Ordained Local Ministry: practice and best practice.
Anglican Australian rural dioceses are facing increasing difficulties in providing ordained ministry in small communities. One strategy has been to ordain a local for locally ordained (non-stipendiary) ministry. The background to the research will include an examination of different examples of ordained local ministry including a brief overview of Ordained Local ministry in the UK and the USA (especially Nevada).
While the project will include the collated policies of the 23 Australian dioceses, the Australian focus will be on the dioceses of Bathurst, Willochra, Tasmania and possibly North Queensland. I will examine the roles and expectations of Ordained Local Clergy from the perspectives of diocesan authorities, parishes and the clergy themselves.

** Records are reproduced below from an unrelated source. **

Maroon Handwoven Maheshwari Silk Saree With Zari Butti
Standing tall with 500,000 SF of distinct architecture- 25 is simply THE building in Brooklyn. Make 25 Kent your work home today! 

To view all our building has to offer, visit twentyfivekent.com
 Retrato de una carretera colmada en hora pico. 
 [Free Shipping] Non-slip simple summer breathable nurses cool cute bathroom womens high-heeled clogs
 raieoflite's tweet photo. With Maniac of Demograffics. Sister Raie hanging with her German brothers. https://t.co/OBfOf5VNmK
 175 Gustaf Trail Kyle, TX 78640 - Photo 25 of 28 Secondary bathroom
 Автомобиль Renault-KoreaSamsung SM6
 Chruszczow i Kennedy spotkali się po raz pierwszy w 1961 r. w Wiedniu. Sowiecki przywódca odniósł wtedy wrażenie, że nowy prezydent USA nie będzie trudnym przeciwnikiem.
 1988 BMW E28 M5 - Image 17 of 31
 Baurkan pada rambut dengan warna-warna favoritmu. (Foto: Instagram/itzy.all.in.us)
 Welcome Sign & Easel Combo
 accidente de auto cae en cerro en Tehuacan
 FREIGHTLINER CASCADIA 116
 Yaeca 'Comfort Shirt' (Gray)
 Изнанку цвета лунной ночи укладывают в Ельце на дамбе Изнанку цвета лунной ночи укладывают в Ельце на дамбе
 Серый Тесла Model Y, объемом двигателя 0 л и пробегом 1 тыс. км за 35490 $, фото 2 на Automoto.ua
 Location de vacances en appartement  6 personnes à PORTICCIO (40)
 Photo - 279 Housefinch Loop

This will involve considering discernment processes, training, support (from the church community, local community and the diocese), and what transition practices are offered to support the OLMS who must usually retire into their own communities.
As the training and experience of Ordained Local Ministers is so different from the traditional training and experience of stipendiary priests, it does raise questions about Anglican Ecclesiology and perceptions of ordination.
The project will present models and case studies leading to effecting practice.
All my theology study has been through Charles Sturt at St Mark’s. These courses are: the Graduate Diploma in Theology, Master of Theology and Master of Ministry. As I must study by Distance Education, I automatically thought of Charles Strut for a D.Min.
I am a retired priest in the Diocese of Bathurst, having been ordained as an Ordained Local Priest but transitioning to stipendiary. Previous membership of the Company of the Good Shepherd will assist with this research project.